Women's bargaining power, savings and investments improve
09 Mar 2017
Zambia cash transfer and women's empowerment

(9 March 2017) Despite the potential of cash transfers to empower women, the evidence supporting this outcome is not conclusive, especially from programs at scale in sub-Saharan Africa. The authors of a new study, Cash for Women’s Empowerment? A Mixed-Methods Evaluation of the Government of Zambia’s Child Grant Program, have conducted a qualitative and quantitative evaluation of the Government of Zambia’s Child Grant Program, a poverty-targeted, unconditional transfer given to mothers or primary caregivers of young children aged zero to five. The results show a number of positive linkages between social cash transfers and different measures of women’s empowerment.

UNICEF Innocenti researchers, in partnership with the American Institutes for Research and the University of North Carolina at Chapel Hill authored the paper under the Transfer Project initiative, with support from UNICEF Zambia. The paper was published in the academic journal World Development in advance of International Women’s Day. The quantitative component of the study was a four-year longitudinal clustered-randomized control trial in three rural districts, and the qualitative component was a one-time data collection involving in-depth interviews with women and their partners stratified on marital status and program participation.

The study found that women in beneficiary households were making more sole or joint decisions (across five out of nine domains); however, impacts translated into relatively modest increases in the number of decision domains a woman is involved in. Women’s narratives captured through qualitative measures showed the cash transfer increased financial empowerment as they were able to retain control over transfers for household investment and savings for emergencies.
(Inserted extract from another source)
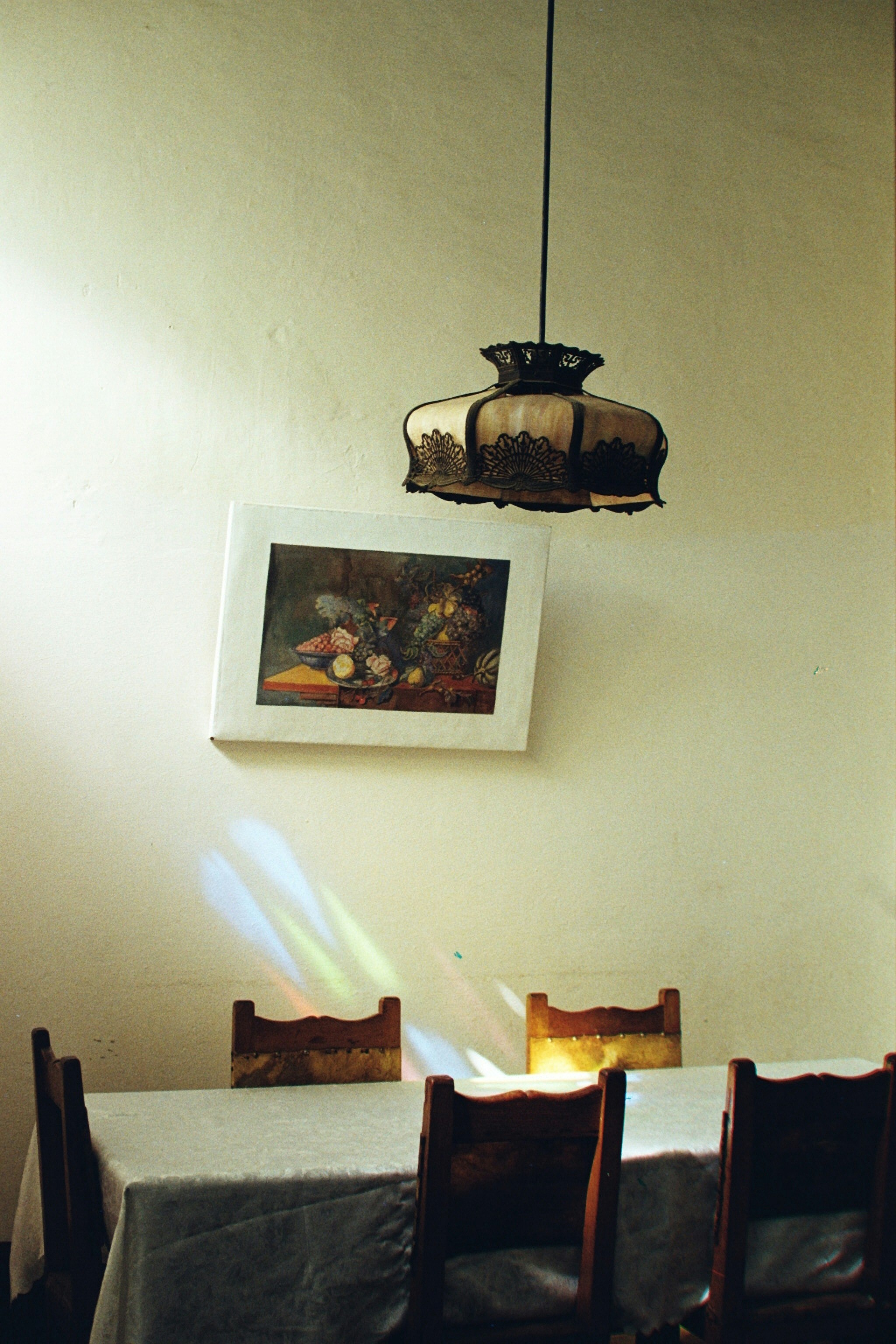 Table with chairs and a painting illuminated by sunlight.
“I have also been empowered because of the child grant. I never used to have my own money, but now even as I suggest something to my husband I don’t feel worthless because I have money in my hands. It is my first time to experience such; I am really empowered.” Female, beneficiary, married, age 24

Results show potential for unconditional cash transfer programs to improve the financial and intra-household status of female beneficiaries, however it is likely that additional design components are need for transformational change. The evaluation is of particular interest, as it uses a large-scale, government-run program, instead of temporary pilot program implemented by a non-governmental organization. In addition, the authors are are able to make conclusions based on a relatively long period of programme receipt (four years), therefore overcoming limitations of other studies, which may examine only shorter-term impacts. Finally, the combination of quantitative and qualitative data makes it possible to interrogate the concept of women’s empowerment and assess if quantitative measures of decision making, commonly used in the literature to proxy for bargaining power, are likely to capture the intended concept assigned by researchers.

This study is important for governments, policy makers, and program implementers who are engaged in social cash transfers for poverty reduction. On one hand, the study contributes to quantitative evidence that suggests the Zambia Child Grant Program positively affected women’s decision making, however due to existing gender norms, impacts on sole and joint decision making translated into relatively minor actual shifts. In addition, the research highlights methodological challenges associated with equating commonly used decision making quantitative indicators with ‘empowerment’ more broadly. Thus, authors conclude that programmes such as the Child Grant Programme realize beneficial gendered impacts, but fail to shift gender norms in a transformational way.